It seems highly likely that the context in the accompanying document will provide the best clue of DMR's meaning behind the quote. After all, this quote is just one line in the broad description of how Unix came to be, including its relationship with MIT CTSS.
Indeed, Unix and CTSS share many common traits, as DMR acknowledges in the document. But CTSS was a product of the 1960's, and was developed for the hardware at hand- which was IBM mainframe computers. Unix was a product of the 1970's, and was also developed for the hardware at hand. DMR goes on to make many references to the DEC PDP-11 in the document. This because, by the time of his writing, the Unix OS and the PDP-11 hardware had risen to influence in a symbiotic way. The whole document is providing context for Unix in relation to the computer hardware of this "new era".
"UNIX is a general-purpose, interactive time-sharing operating system primarily for the DEC PDP-11 series of computers, and recently for the Interdata 8/32."
Thus, it is very likely that the interpretation of "modern" in your quote simply means "for modern (contemporary) computer hardware". DMR had been witnessing the industry transition, as IBM mainframe hardware, originally designed for batch processing, gave way to minicomputers, more suited to interactive usage. Such "modern systems" benefited from a compatible OS (Unix) with "CTSS-like" abilities.

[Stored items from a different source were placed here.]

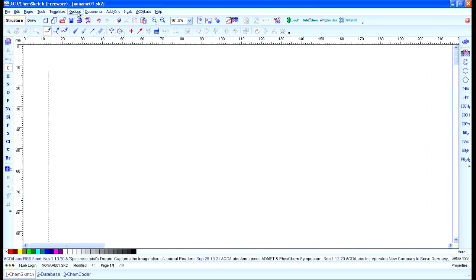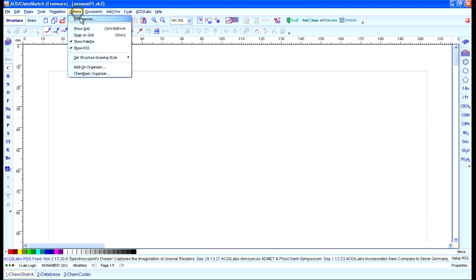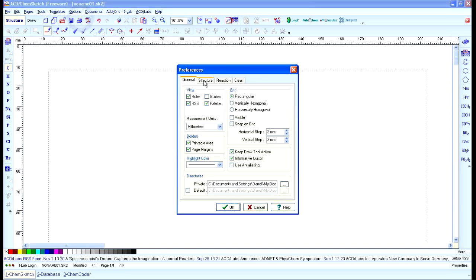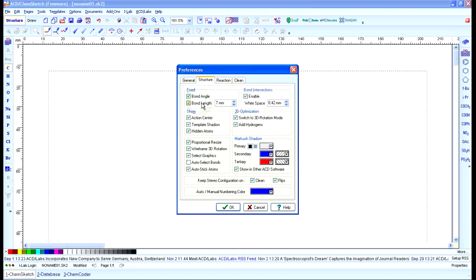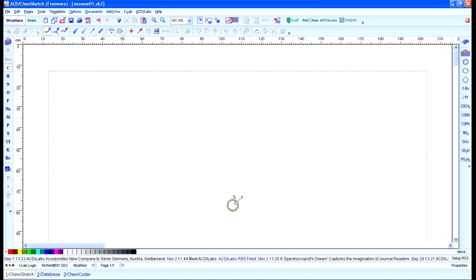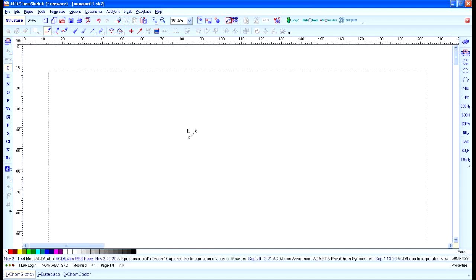The next thing you want to do is click on Options, then Preferences. Under the Structure tab, make sure that Fixed Bond Angle and Bond Length are selected, and click OK. That will help ACD Labs ChemSketch create nicer looking drawings by default, so you'll have to do less editing and cleaning up at the end.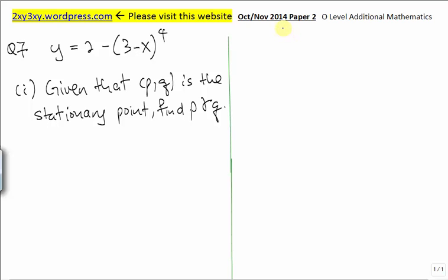We are doing 2014 Amax Paper 2, question 7. In this question, we are given the equation of a curve, and we are told that the point P(p, q) is the stationary point on the curve, and we are asked to find p and q.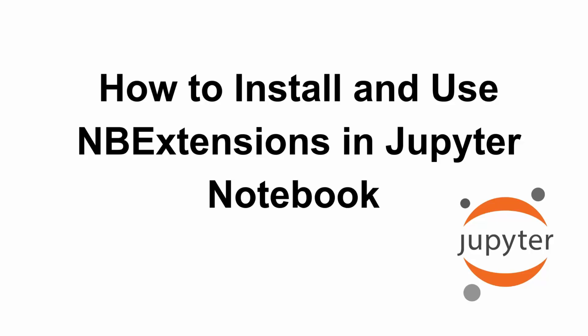Hello everyone, welcome back to the channel. In today's video, I'll show you how to install and use Jupyter Notebook Extensions or NB Extensions.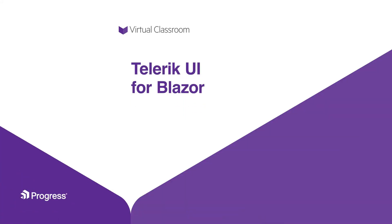Welcome to Telerik UI for Blazor, a course to help you get started with using the Telerik UI set of components and features in your own Blazor projects.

So, "modern" most likely just means an OS for the modern hardware, rather than for "aging" IBM mainframe hardware used for CTSS in the previous decade(s).
Note: The title of the document is "The Unix Time-Sharing System...". It is not a document about the Unix C code or even the OS design, as that is not a system. The word System implies an implementation of hardware and software, and this adds farther evidence that the word "modern" in the quote means for modern hardware.